And here's why this is a good thing.
The Mercedes-Benz EQC all-electric crossover has just had its official online debut and yet the automaker is already expressing some concerns regarding its eventual warranty costs. According to Automotive News Europe, the German automaker plans to gradually increase EQC production beginning next year in order to keep projected warranty costs in check.
“We want to be sure we deliver Mercedes quality from day one in all aspects, and we have to watch the warranty side for customers as well,” Schaefer told reporters on the sidelines of the vehicle’s official debut in Sweden on Wednesday. “We don’t want customers ending up at the mechanic later.”

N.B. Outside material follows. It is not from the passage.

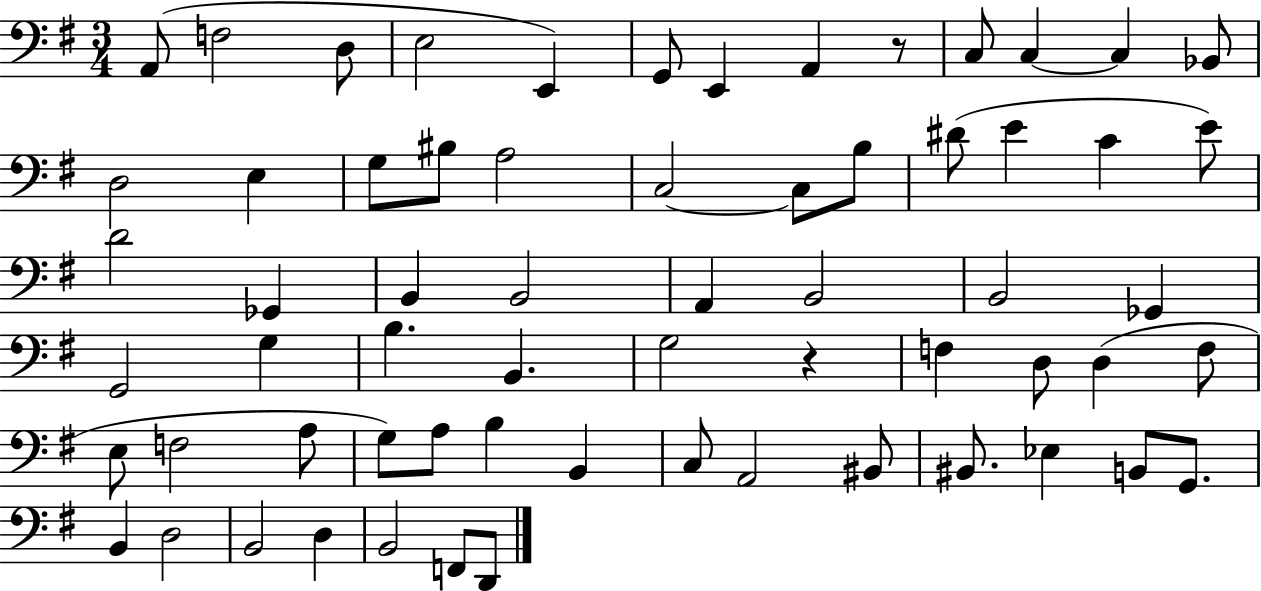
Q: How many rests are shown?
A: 2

Furthermore, “Slowing down the ramp-up is a tool to make sure we do it right, to address all the unknowns that an electric car brings.” Remember, this is somewhat new territory for the automaker, aside from the electrified version of the previous generation B-Class. The EQC was designed and engineered from the get-go to be an EV.

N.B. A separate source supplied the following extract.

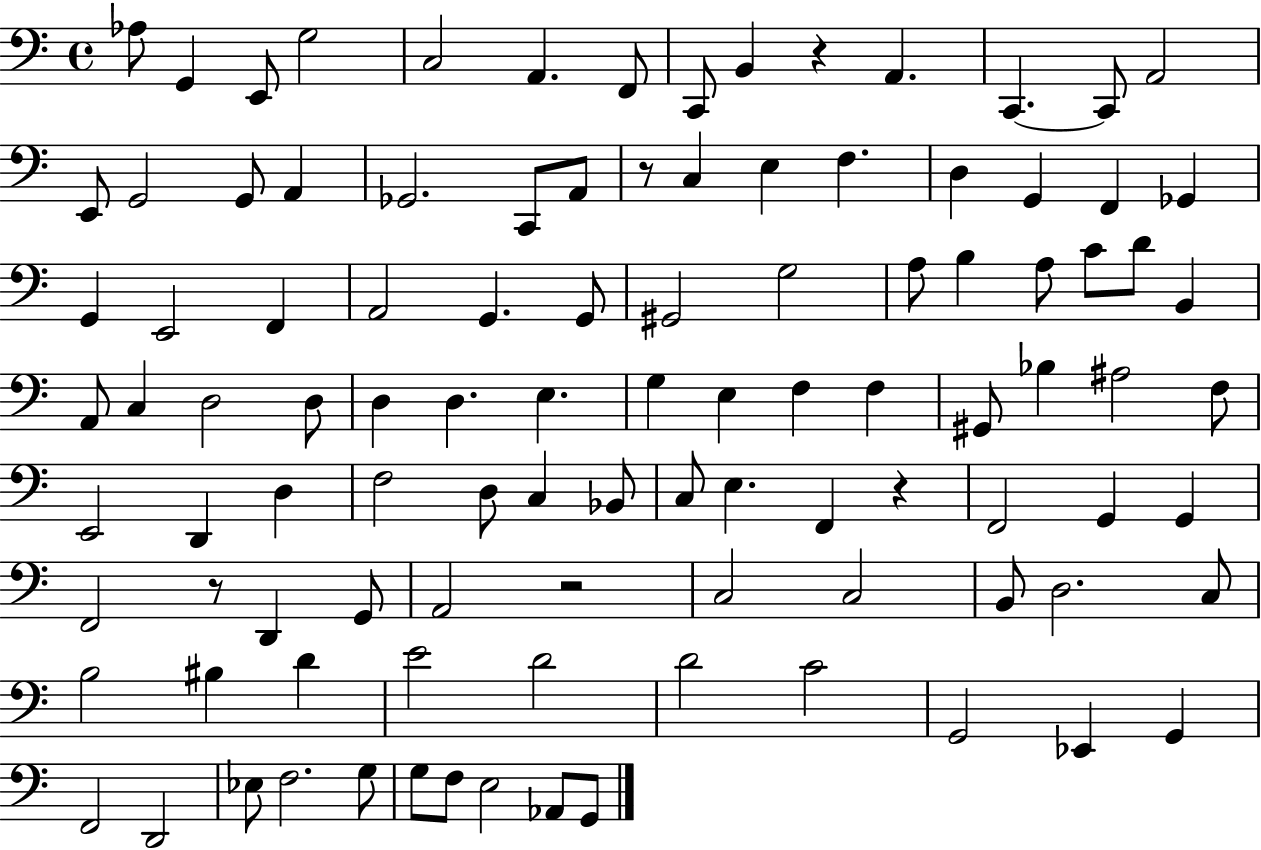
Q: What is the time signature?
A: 4/4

Fortunately, Mercedes has not reported any issues at its battery-pack plant in Kamenz, Germany, so take this is an early good sign. Clearly Mercedes does not want to take any chances that could potentially damage its electric vehicle reputation. Building an EV at a large scale for the first time is a challenging task.
For example, Schaefer is already worried about potential battery problems. “This is the heart of the electric vehicle, which is very much in charge of safety and performance of the vehicle as well as long life and costs,” he said. But what really concerns him most (and likely Mercedes as a whole, too) is supply chain issues.
“There are hundreds of components that have to come together from various new suppliers, Tier 2 and Tier 3, which are in the background, and we have to see their performance.” But what once all of this has hopefully been worked out, Schaefer is not particularly concerned about achieving higher production rates in order to meet demand.
And remember, the EQC is only the automaker’s first EV, so it’s also a test case that can iron out any number of issues that could later interfere with mass EV production.